You Looking at Me? The Passive Observer and the Active Contributor

 Ribera, The Martyrdom of Saint Bartholomew (1644)

Ribera, The Martyrdom of Saint Bartholomew (1644)

‘If you want me to cry, mourn first yourself.’
Horace, ‘Art of Poetry’

I recently visited an excellent exhibition of paintings by Jusepe de Ribera at the Dulwich Picture Gallery (‘Ribera: Art of Violence’, until 27 January).

Ribera was born near Valencia in 1591 and spent most of his career in Spanish-controlled Naples. From Caravaggio he learned to give biblical and mythical events immediacy by employing real models, gritty settings and dramatic lighting. He gained a reputation for painting vivid works of pain, brutality and suffering: Saint Sebastian bound to a stake and shot through with arrows, Saint Philip about to be crucified upside-down, the centaur Ixion chained to a wheel, the satyr Marsyas being skinned alive.
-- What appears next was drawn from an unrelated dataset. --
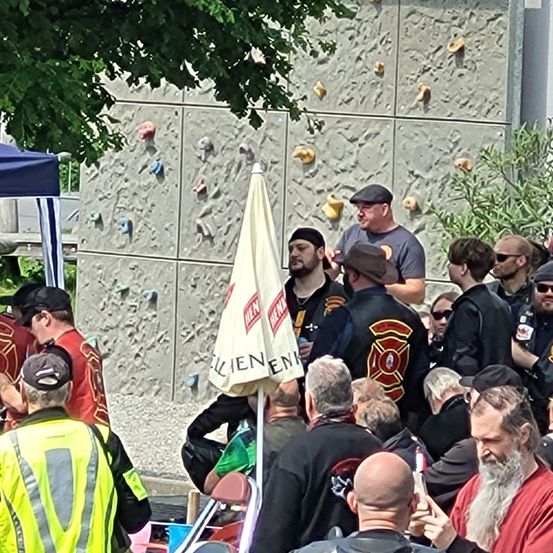 Eine Gruppe von Männern, einige in Motorradjacken, steht um einen geöffneten Regenschirm herum. Dahinter ist eine Kletterwand zu sehen. Ein Mann hält ein Handy.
In many ways Ribera’s work reflected the dark times he was living through. The Counter Reformation was in full swing. The Church was commissioning devotional images of intense emotion to reinforce faith. The Inquisition was hard at work exposing blasphemy and heresy. Daily life was dangerous and cruel. And Ribera could draw directly from the torture and execution he witnessed on the streets of Naples. He sketched prisoners bound and blindfolded, twisted torsos and terrified screams. In grim detail he captured the torment known as ‘strappado’, whereby victims were hung by their arms until they dislocated.

In ‘The Martyrdom of Saint Bartholomew’ (1644) two thugs set about flaying their victim with vigour; and Bartholomew stares out at us in the grip of unimaginable agony. He seems to be challenging us to meet his gaze, demanding our attention.

‘I did this for you.’

‘You did this to me.’

‘Feel my pain.’

Bartholomew’s anguished look makes us feel uncomfortable, voyeuristic. It is as if we are responsible, involved, complicit in the crime.
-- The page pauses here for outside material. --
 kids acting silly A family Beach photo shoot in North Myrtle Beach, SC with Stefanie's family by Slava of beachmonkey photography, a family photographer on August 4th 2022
It’s a powerfully engaging device - the viewer viewed - and one which Ribera uses again and again in his work. In the midst of some dramatic incident, a lone figure looks out at us from the picture - a grieving holy woman, a terrified victim, a leering executioner - curious, questioning, sceptical.
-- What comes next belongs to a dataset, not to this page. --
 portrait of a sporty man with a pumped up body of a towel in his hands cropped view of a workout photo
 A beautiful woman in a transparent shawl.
 Ribera, Saint Sebastian Tended by the Holy Women

Ribera, Saint Sebastian Tended by the Holy Women

What, we seem to be asked, is our point of view on all this? Where do we stand? What are we doing to prevent it?

We’re all at times prone to play the disinterested onlooker, the neutral bystander, the unseen witness. It’s easy to be cool, passive, non-committal and aloof; to be on the sidelines and the fence.

But I’ve found in business that one gravitates towards people with strong personal perspectives; people with passion and conviction. As a leader you’re not asking for everyone to agree with you, but you do want everyone to care.

So if you’re looking to progress your career, take an interest in the future of your industry; a perspective on the outlook for your discipline; a point of view on the prospects for your company. Be an active contributor not a passive observer, a radiator not a drain. Believe in something.

You may not be in a position of power, but you can sign up, pitch in, participate, get involved. You can always do something.

I guess one could say the same about life in general.

‘If not you, who? If not here, where? If not now, when?'

(Quotation attributed to numerous sources, but ultimately derived from Jewish leader, Hillel the Elder)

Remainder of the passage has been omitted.